** Opening Records shown block **
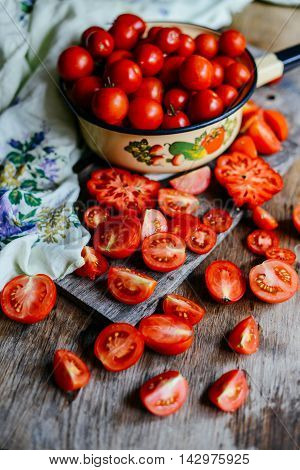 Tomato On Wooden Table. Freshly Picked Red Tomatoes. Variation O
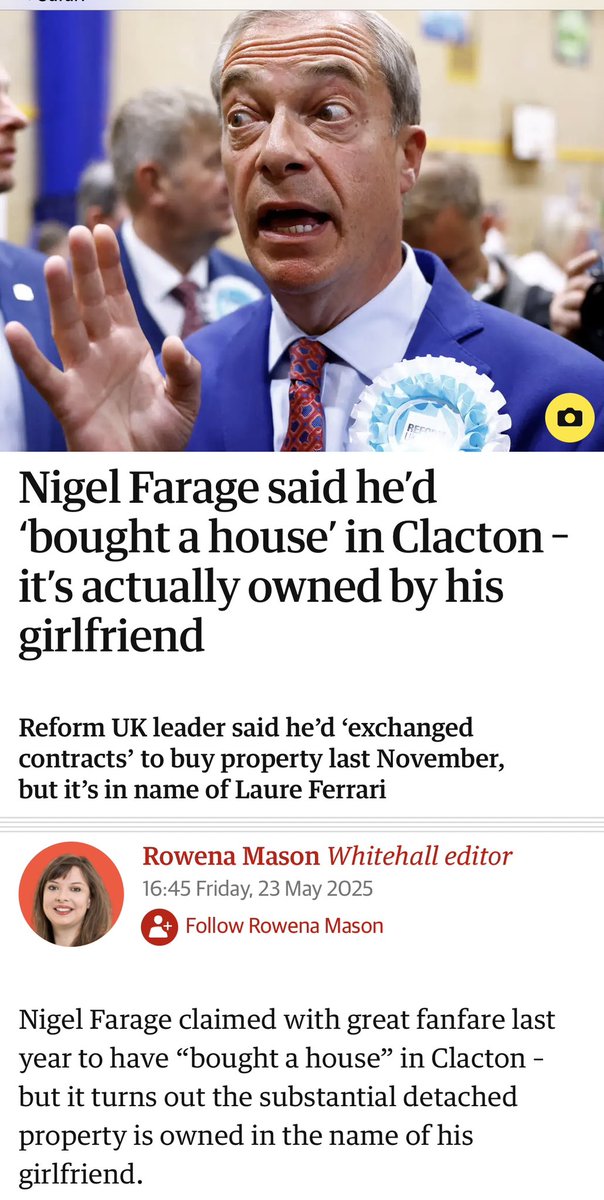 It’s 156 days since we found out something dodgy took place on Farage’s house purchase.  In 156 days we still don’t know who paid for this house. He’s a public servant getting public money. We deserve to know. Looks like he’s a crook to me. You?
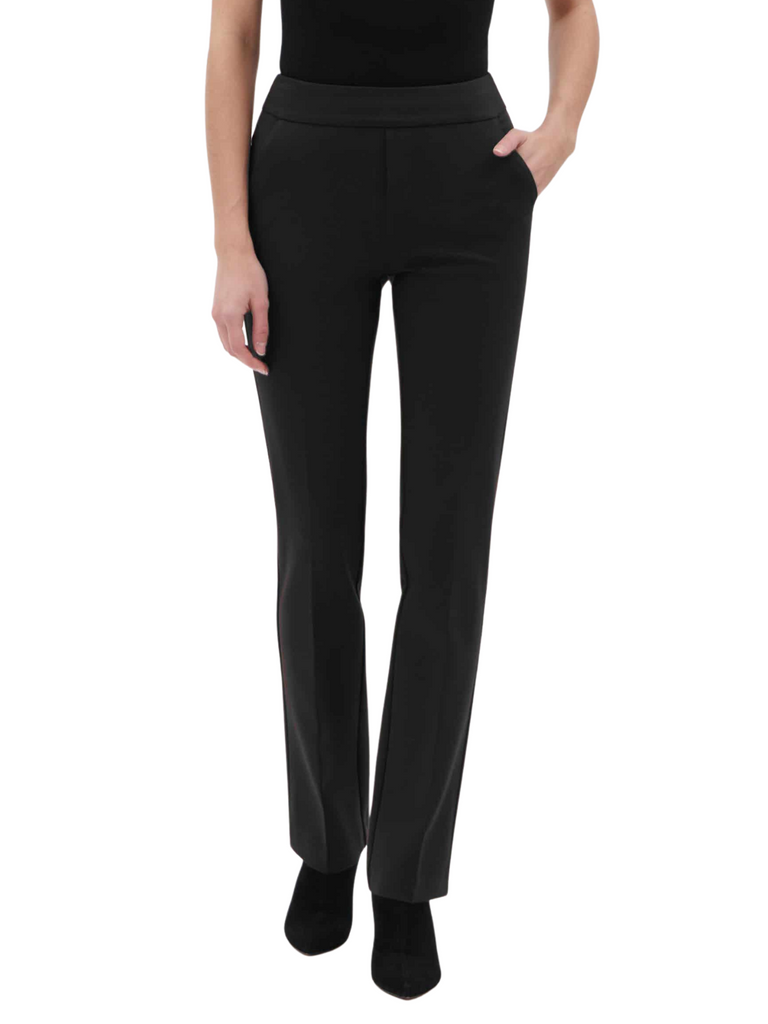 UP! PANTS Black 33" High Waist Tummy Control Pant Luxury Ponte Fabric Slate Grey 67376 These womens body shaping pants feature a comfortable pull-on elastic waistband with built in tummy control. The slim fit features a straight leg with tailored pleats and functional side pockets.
** Closing Records shown block **
** Opening Records shown block **
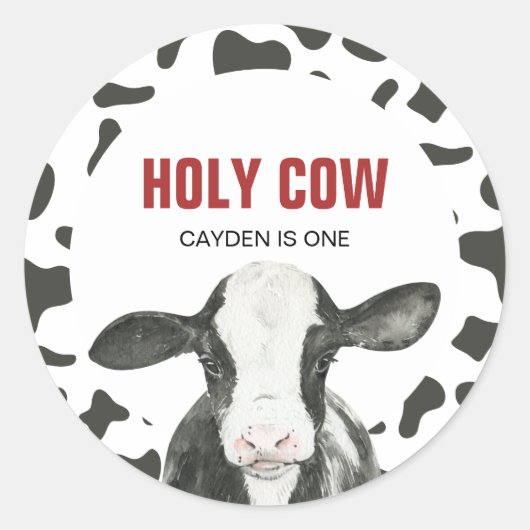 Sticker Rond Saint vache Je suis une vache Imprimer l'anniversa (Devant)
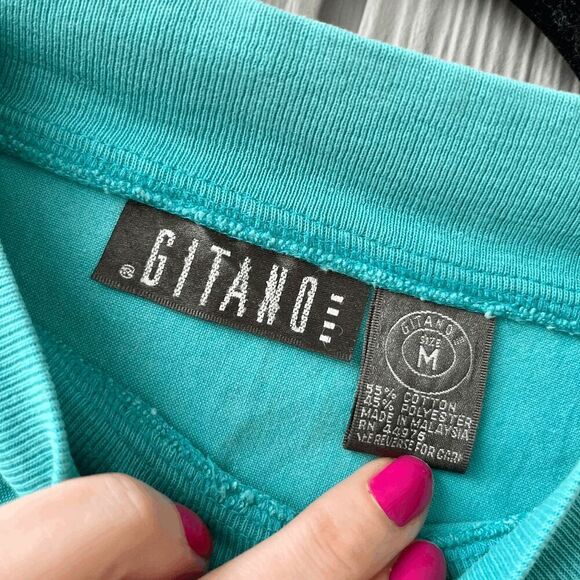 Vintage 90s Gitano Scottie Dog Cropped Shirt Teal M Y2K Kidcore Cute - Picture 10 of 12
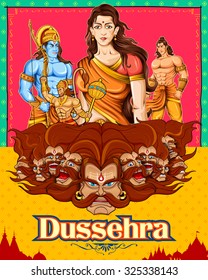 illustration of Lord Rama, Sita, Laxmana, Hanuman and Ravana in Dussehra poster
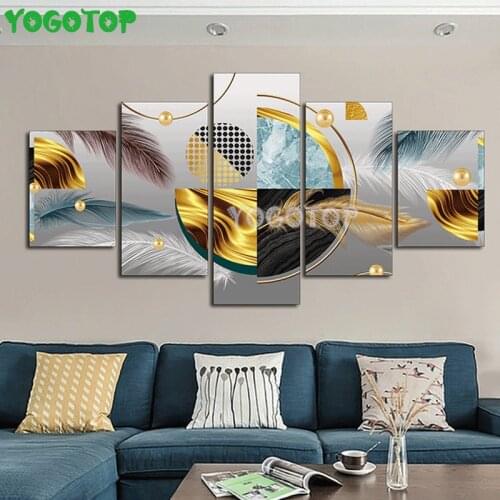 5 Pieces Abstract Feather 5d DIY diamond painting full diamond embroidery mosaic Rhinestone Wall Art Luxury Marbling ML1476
** Closing Records shown block **
** Opening Records shown block **
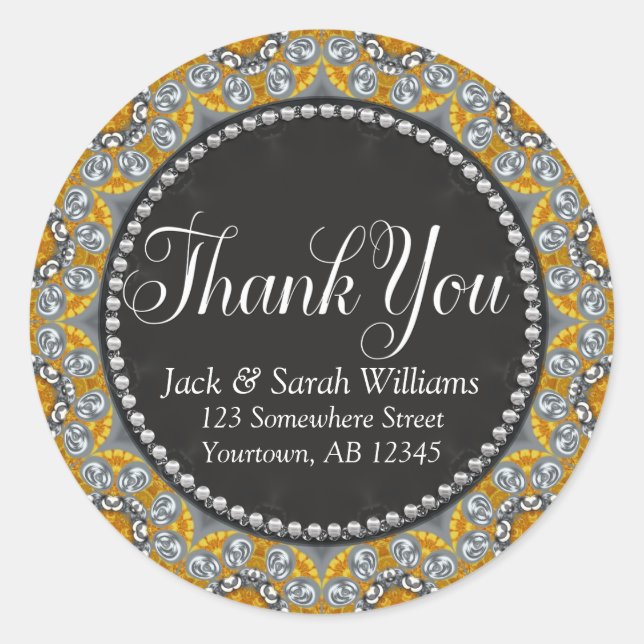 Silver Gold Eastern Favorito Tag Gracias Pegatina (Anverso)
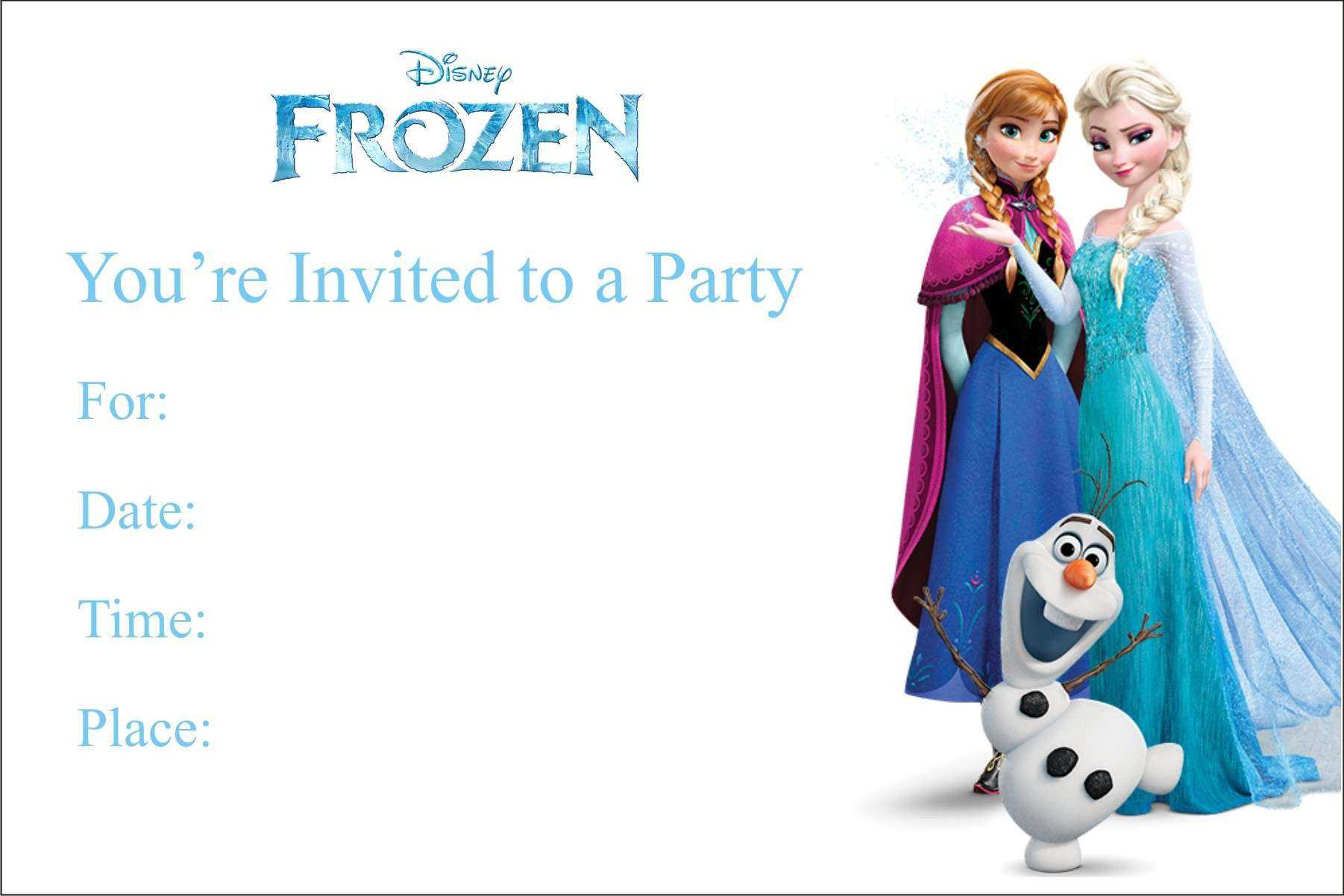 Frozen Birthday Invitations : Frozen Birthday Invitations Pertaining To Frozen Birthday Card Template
** Closing Records shown block **
*Exercise aim*
Set down again, exactly, every line above from the one with "It’s 156 days" down to the one with "UP! PANTS Black", both ends included. No pictures, and nothing else.

*Exercise solution*
 It’s 156 days since we found out something dodgy took place on Farage’s house purchase.  In 156 days we still don’t know who paid for this house. He’s a public servant getting public money. We deserve to know. Looks like he’s a crook to me. You?
 UP! PANTS Black 33" High Waist Tummy Control Pant Luxury Ponte Fabric Slate Grey 67376 These womens body shaping pants feature a comfortable pull-on elastic waistband with built in tummy control. The slim fit features a straight leg with tailored pleats and functional side pockets.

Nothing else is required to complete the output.